We can think of several respects in which the testimony of the farm safety expert might have assisted the jury. First, and most important, there is assistance suggested in appellant's proffer of the expert's testimony. App. at 256. Where the jurors were called on to formulate standards of reasonable behavior in circumstances with which they were unfamiliar, a farm safety expert could have made certain that they understood the dangers of which the Trumbowers were aware or should have been aware, and the precautions which the Trumbowers knew or should have known they could have taken to avert those dangers. Second, a farm safety expert could have helped the jury to distinguish widespread, yet unsafe, practices from safe and reasonable ones. Third, where some of the farm laborers who testified were not completely fluent in English (App. at 96-7), an expert familiar with the conditions under which they worked could have assisted the jury in understanding those conditions. Finally, where there was ambiguity as to how the accident occurred, an expert familiar with agricultural accidents might have offered some insight that would help the jury understand what happened. The testimony of the farm safety expert could have been helpful to the jury in any or all of these ways.

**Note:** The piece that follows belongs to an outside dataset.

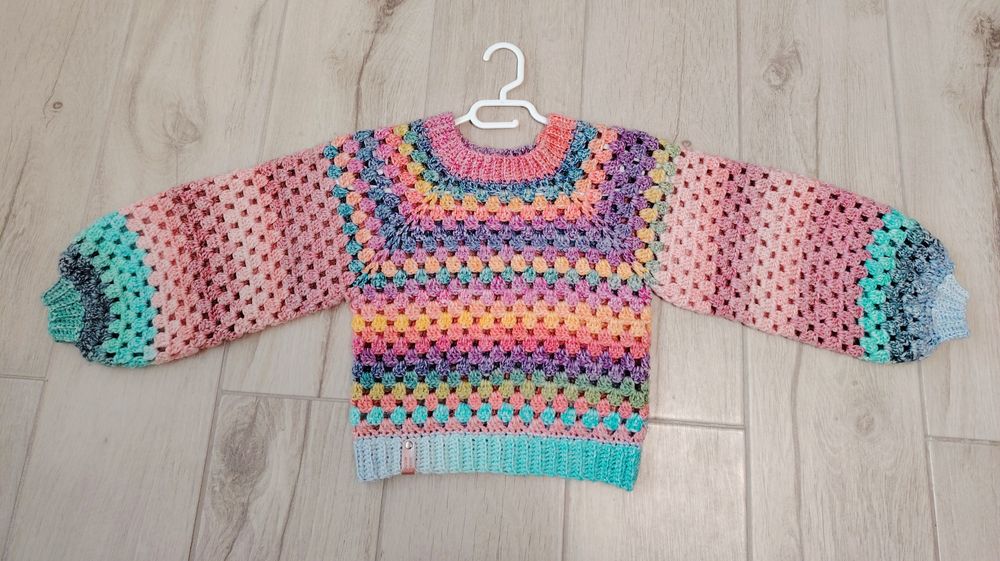 Pulover crosetat manual fete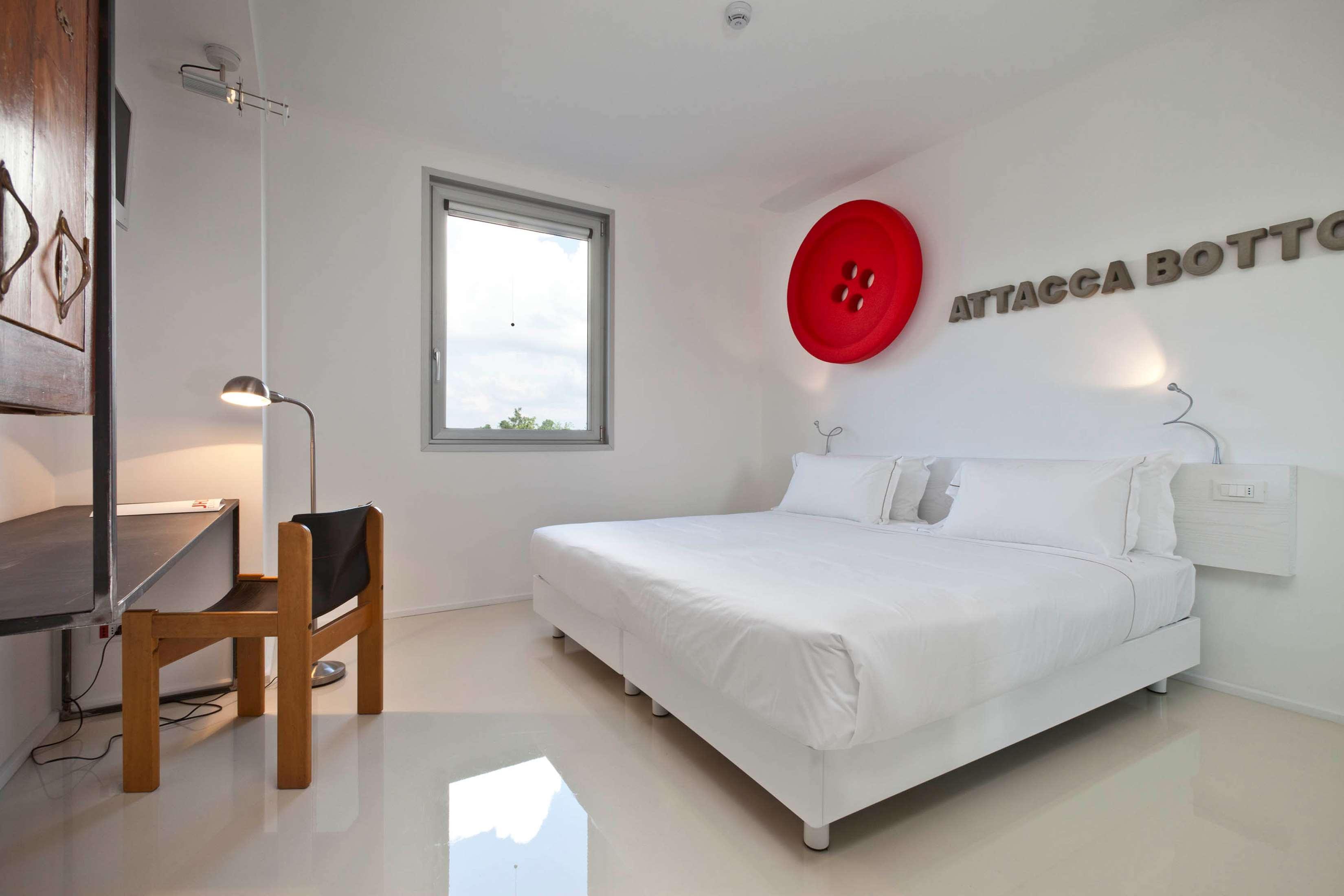 Aiden by Best Western @ JHD Dunant Hotel Castiglione Delle Stiviere Exterior foto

The Trumbowers made no argument that the testimony of the expert would be harmful or prejudicial, only that it was irrelevant. The district court did not discuss the question of potential harm or prejudice. The only basis the record reveals for the court's exclusion of the expert's testimony was that the court wanted to "stick with the reasonable man theory." Our reading of the law is that the testimony of the farm safety expert would not compete with a "reasonable man theory, " but rather would enhance its application. A jury with no farming experience could no doubt form some idea on its own of what a reasonable and prudent farmer would do in the circumstances, but it could form a clearer idea and develop better informed standards of care with the help of expert testimony. We conclude that the district court excluded testimony that was potentially helpful to the jury without sufficient grounds for so doing, and thereby abused its discretion. The exclusion of the testimony affected a substantial right of the plaintiff in that it withheld from the jury information that might have led it to make a different evaluation of the farm safety practices of the Trumbowers and, as a result, might have led to a different verdict. It was, therefore, reversible error.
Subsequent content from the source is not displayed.